- _Work required_:
Once the pictures are set aside, repeat all of the data below exactly.

- _Information shown_:
-=-=-
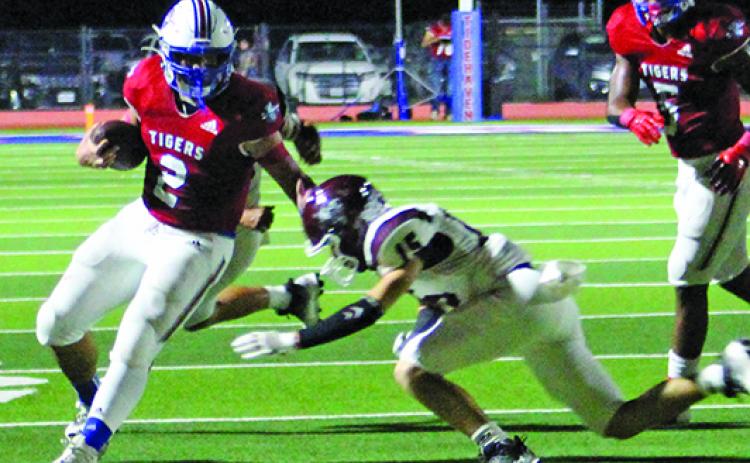 Sentinel Photo/Jessica Shepard Tidehaven running back Jachen Duran (2) stiff arms an East Bernard defender at last Friday contest at home.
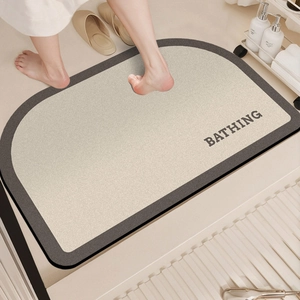 Detailed top view of a beige semi-circle diatom mud bath mat with BATHING text in bathroom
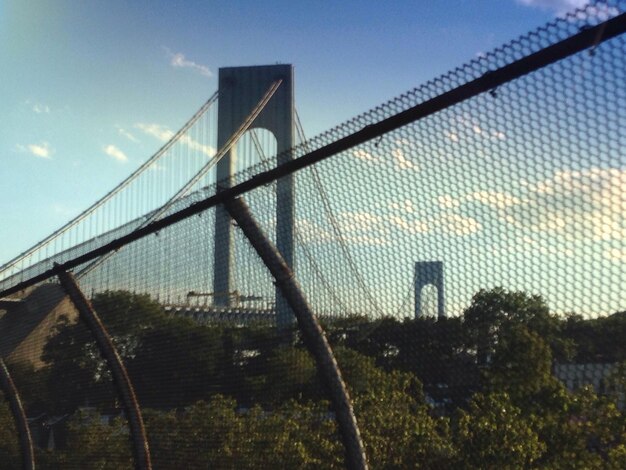 View of bridge through chainlink fence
-=-=-
- _Written reply_:
 Sentinel Photo/Jessica Shepard Tidehaven running back Jachen Duran (2) stiff arms an East Bernard defender at last Friday contest at home.
 Detailed top view of a beige semi-circle diatom mud bath mat with BATHING text in bathroom
 View of bridge through chainlink fence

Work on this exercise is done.